Non partire da questa considerazione vuol dire rinunciare ad analizzare nel profondo il processo in corso quale manifestazione della “crisi della politica”, non intesa semplicemente come distanza tra politica e società, disaffezione, critica alla corruzione, mancanza di speranza, ecc…, ma intesa come crisi delle forme della rappresentanza e della delega.
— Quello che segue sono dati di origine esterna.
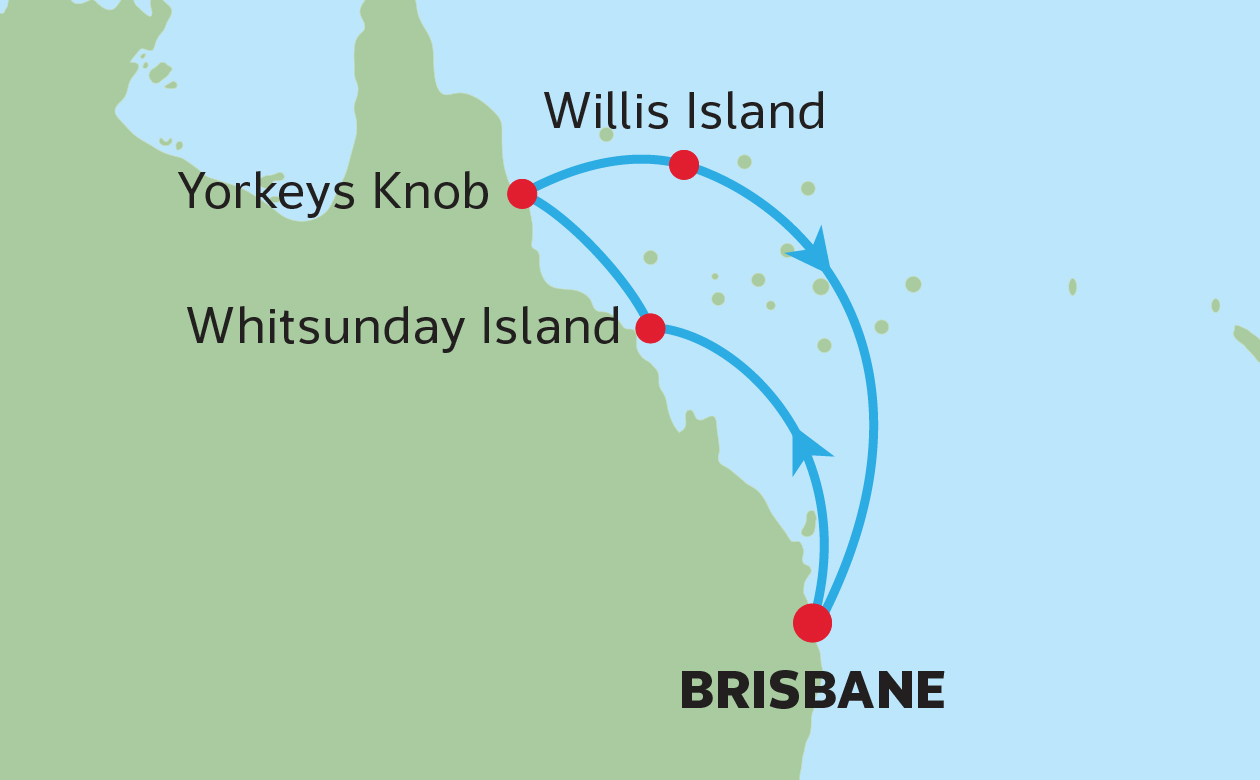 QUEENSLAND & <br>WHITSUNDAYS CRUISE MAP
Non cogliere questo significa eludere il problema di fronte al quale ci troviamo!
Scusate la semplificazione un po’ grezza, ma credo che il ciclo aperto dalla Rivoluzione francese si stia esaurendo: noi ci troviamo di fronte alla crisi della democrazia rappresentativa e delle forme politiche della delega.
Per questo la riflessione di una comunità che ha la sana pretesa di costruire un soggetto politico nuovo (e l’ordine delle parole non è estetico) non può indugiare sulle alleanze o la distribuzione di patenti di coerenza o la gerarchia delle sfumature del rosso, ecc…
Una comunità come L’Altra Europa credo debba interrogarsi su:
– come costruire forme di democrazia partecipata e di democrazia diretta, ora, subito, nelle condizioni date e nella società presente;
– come lavorare affinché le diverse esperienze di lotta distribuite sul territorio possano assumere le forme dell’azione politica diretta capace di incidere sulle scelte istituzionali;
– il ruolo delle istituzioni nazionali, regionali e locali nella fase attuale;
– la fine della forma partito, il suo superamento e la costruzione di uno strumento politico diverso e nuovo;
– quali strumenti mettere in campo per allargare la coscienza collettiva verso il superamento della delega a favore della democrazia diretta.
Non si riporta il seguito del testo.